As his tracks got more polished, Bergling began calling himself “Avicii,” a modified spelling of the lowest level of Buddhist hell. (Today, he finds it off-putting when people call him that rather than “Tim.”) His current manager contacted him in 2008 after hearing a few tracks online; soon, Bergling was flying around the world for gigs. After a career-making performance at Miami’s Ultra Music Festival in 2011 and a string of big singles – including the global smash “Levels,” built around an Etta James sample – he discovered that he was able to pull down $200,000 or more in a single night.
Everyone wanted to party with Bergling, and for a while he went along with it, drinking heavily at shows. “It was hard to make the distinction,” he says. “Am I here for work or pleasure?” In 2012, he was hospitalized for 11 days with acute pancreatitis. Bergling says that he isn’t an alcoholic, but he took the episode as a wake-up call nonetheless – he hasn’t had a drink for almost a year.
Aside from that speed bump, Bergling’s rise has been a remarkably smooth one. He’s scored chart-topping singles around the world; he’s headlined both Lollapalooza and the Electric Daisy Carnival; he’s let Madonna appear onstage with him to get a piece of his cred. “What I initially set out to do,” he says, “I’ve done over and over again.”
Earlier this year, Avicii took a break from the road to record his full-length debut, True – working face to face with other musicians for the first time in his life. He was able to reel in some respected veterans from outside the EDM world, including Chic guitarist Nile Rodgers, Elvis Presley collaborator Mac Davis and more. “Tim is one of the best songwriting partners that I’ve ever had, and that’s no bullshit,” says Rodgers. “I told him, ‘You’re the John Coltrane of Fruity Loops.’ Before I met him, I wouldn’t have considered somebody working in Fruity Loops as a serious composer – but this kid is absurd.”
On a sunny Friday afternoon, Bergling shows up at an L.A. helipad looking totally wiped – he just got back from a 10-day writing session in Stockholm with Wyclef Jean, then stayed up until 4 a.m. working on a song with Chris Martin. He and his Guyanese-Canadian girlfriend, Racquel Bettencourt, listen patiently to a safety briefing and climb into a helicopter.

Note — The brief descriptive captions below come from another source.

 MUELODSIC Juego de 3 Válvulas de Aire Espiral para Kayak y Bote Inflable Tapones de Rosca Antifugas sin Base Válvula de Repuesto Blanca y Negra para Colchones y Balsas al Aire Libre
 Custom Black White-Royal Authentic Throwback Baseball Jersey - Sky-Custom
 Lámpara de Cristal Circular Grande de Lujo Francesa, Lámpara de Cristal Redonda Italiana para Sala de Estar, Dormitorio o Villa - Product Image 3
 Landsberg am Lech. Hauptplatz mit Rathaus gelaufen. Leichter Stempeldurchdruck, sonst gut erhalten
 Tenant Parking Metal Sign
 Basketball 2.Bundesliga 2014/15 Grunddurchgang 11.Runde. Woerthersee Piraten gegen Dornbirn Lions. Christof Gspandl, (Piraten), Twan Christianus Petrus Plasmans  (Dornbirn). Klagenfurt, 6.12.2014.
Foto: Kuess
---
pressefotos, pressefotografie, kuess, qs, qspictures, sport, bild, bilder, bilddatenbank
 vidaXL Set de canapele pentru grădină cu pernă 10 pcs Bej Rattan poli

As we head north over the Hollywood Hills, the couple point in the direction of the multimillion-dollar glass house they’re buying.

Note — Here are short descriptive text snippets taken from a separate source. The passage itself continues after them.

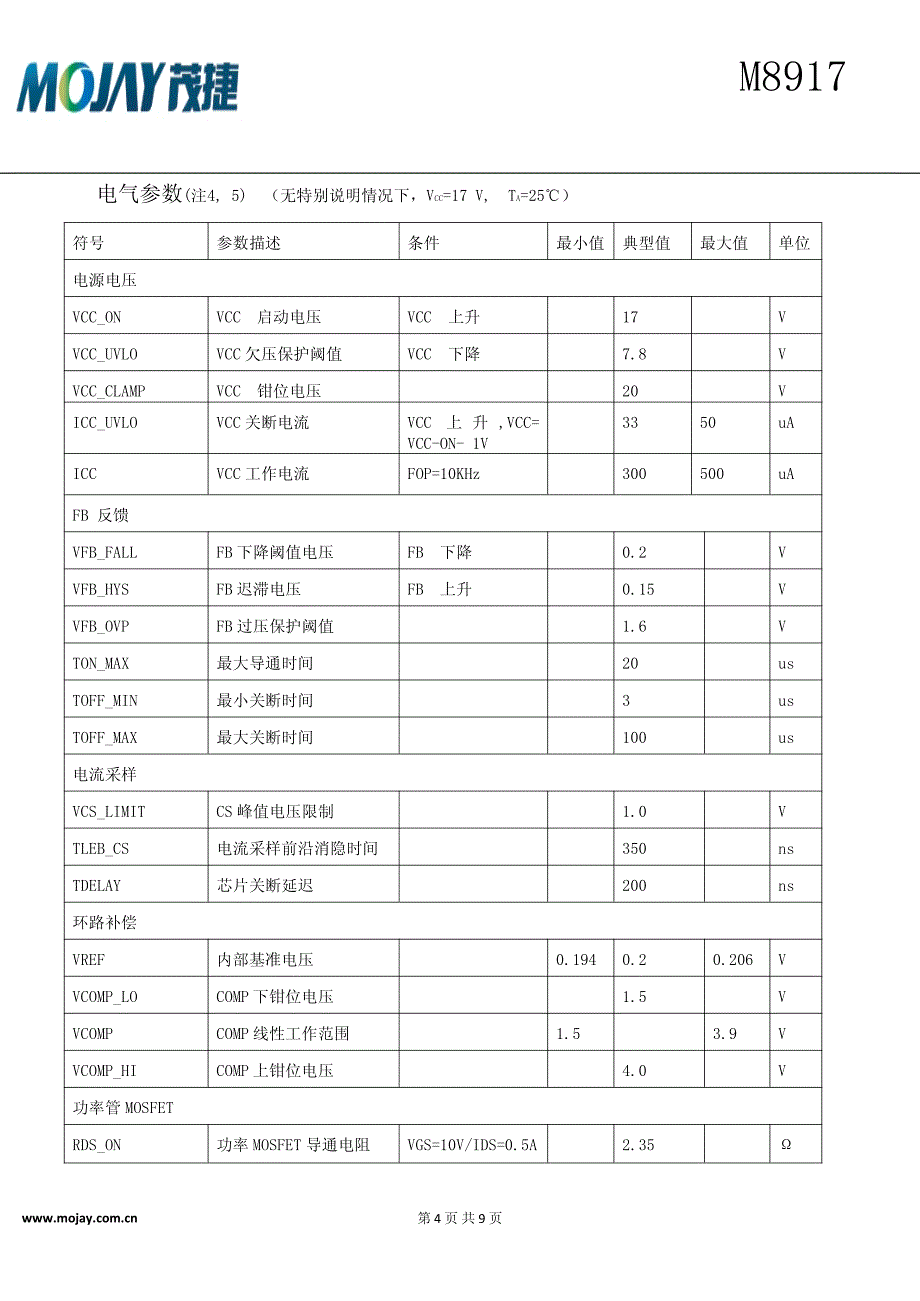 茂捷M8917规格书(中文)_Rev_1.1_第4页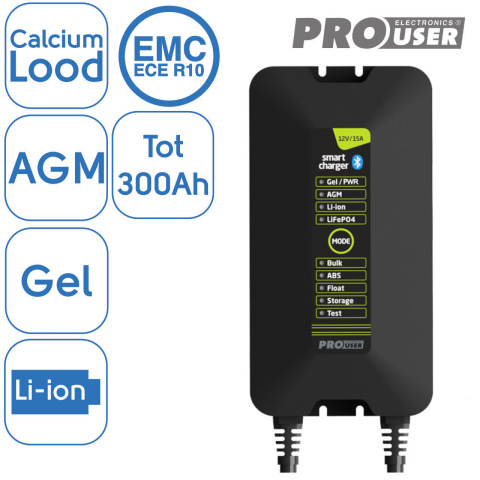 BBAtechniek artnr. 9839 - 12V 15Ah Pro-User intelligente acculader IBC15(1x)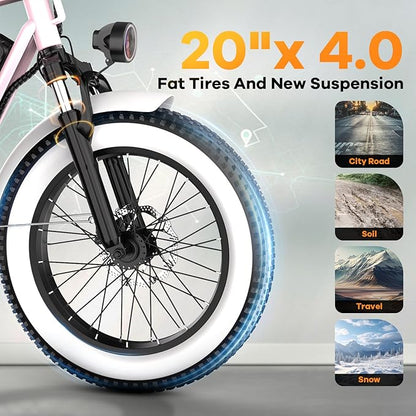 1500W Electric Bike for Adults,48V 20/60Ah Removable Battery Max Range 80Miles & 30MPH Electric Bicycle,20''×4" Fat Tire Ebike,Adult Electric Bicycles for Commute Beach Snow,E-Bike UL Certified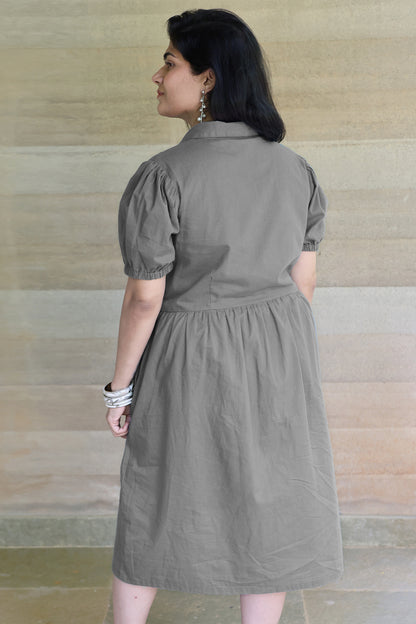 Collared Fine Cotton Grey Dress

After a 45-minute ride, we touch down at a cemetery in Bakersfield, where a film crew is shooting the video for his next single, “Hey Brother.” Bergling parks in his trailer and talks about how he spent his 24th birthday in Vegas this fall. “We went out in the desert with, like, 30 guns and $400 of stuff we bought at Walmart to shoot at,” he recalls. “Lots of cantaloupes.”

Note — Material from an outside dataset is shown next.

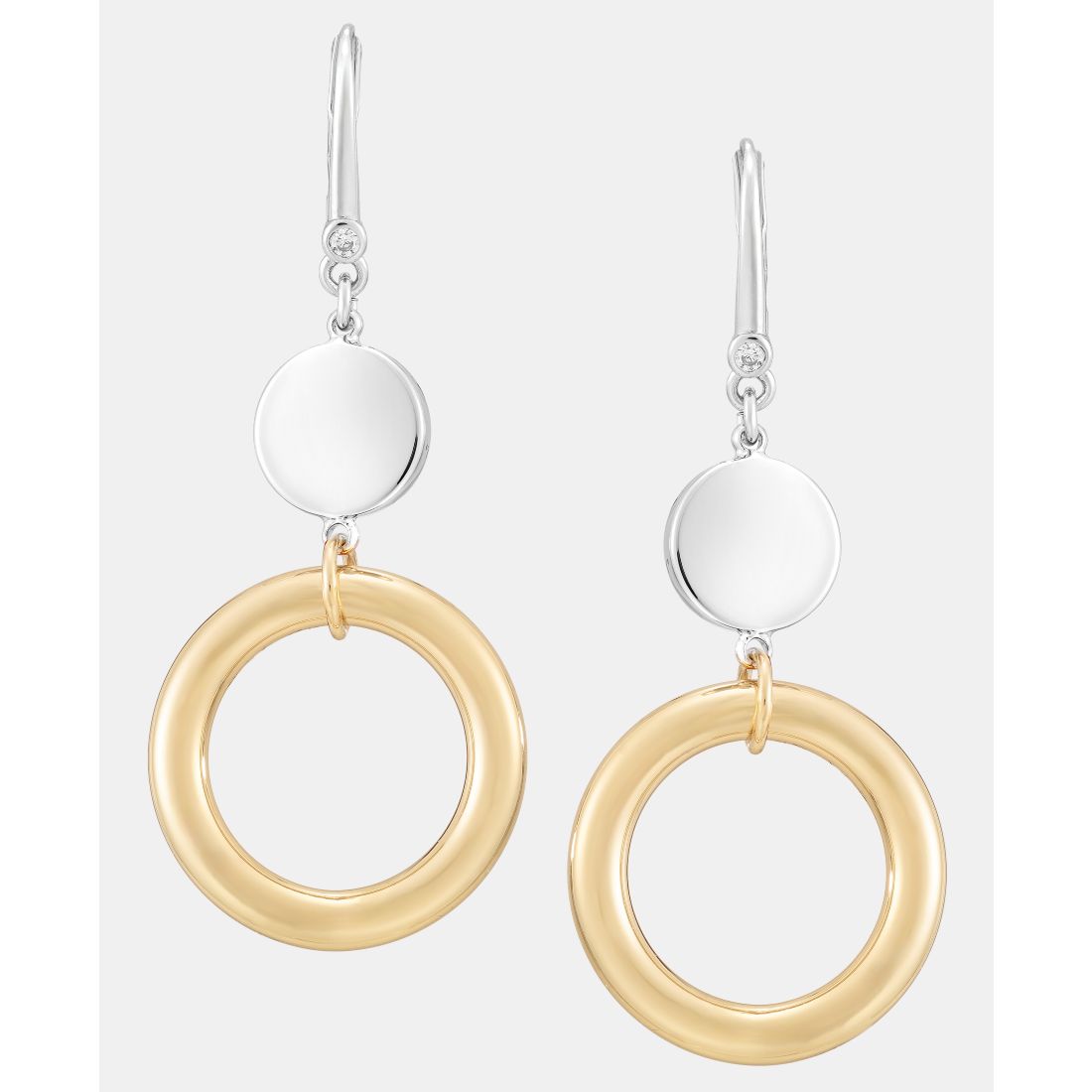 Dkny Disc & Ring Double Drop Earrings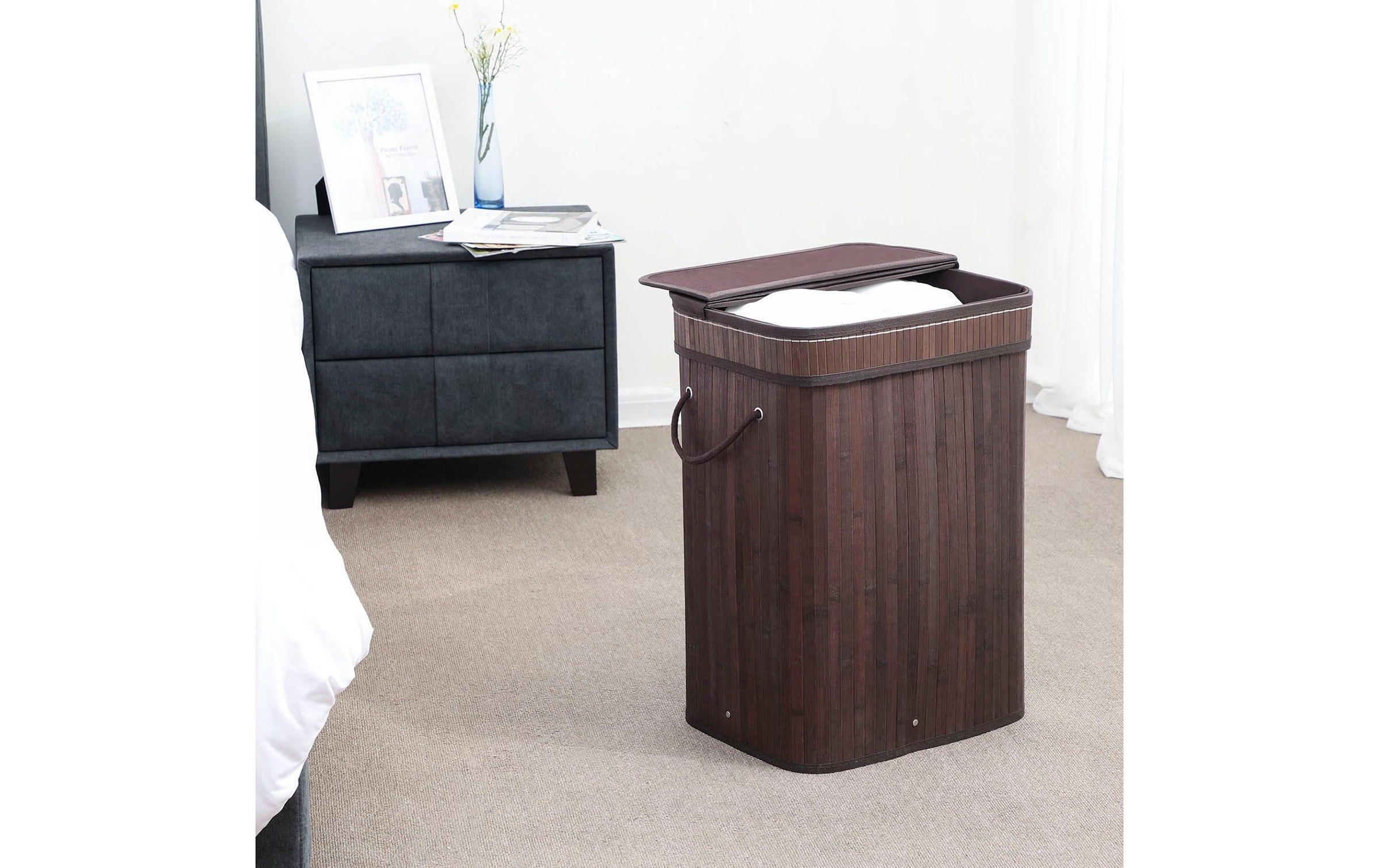 SONGMICS Wäschekorb »für trockene Wäsche 72 l, Dunkelbraun« Holzart: Bambus (China)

The video’s director arrives and tries in vain to talk Bergling into more screen time than the cameo he’s agreed to. Next comes the stylist; the DJ balks at almost everything she suggests, politely but firmly. He won’t wear a tweed jacket. He absolutely will not take off his backward baseball cap. And he refuses to wear anything but sneakers on camera, no matter how many times she asks him nicely to consider a pair of boots.
“Why don’t you wear the boots for one fucking shot?” the stylist snaps at last.
“I don’t want to,” he says simply.
“I do lots of things I don’t want to do!” she cries, exasperated.
Bergling shrugs. “But I don’t have to.”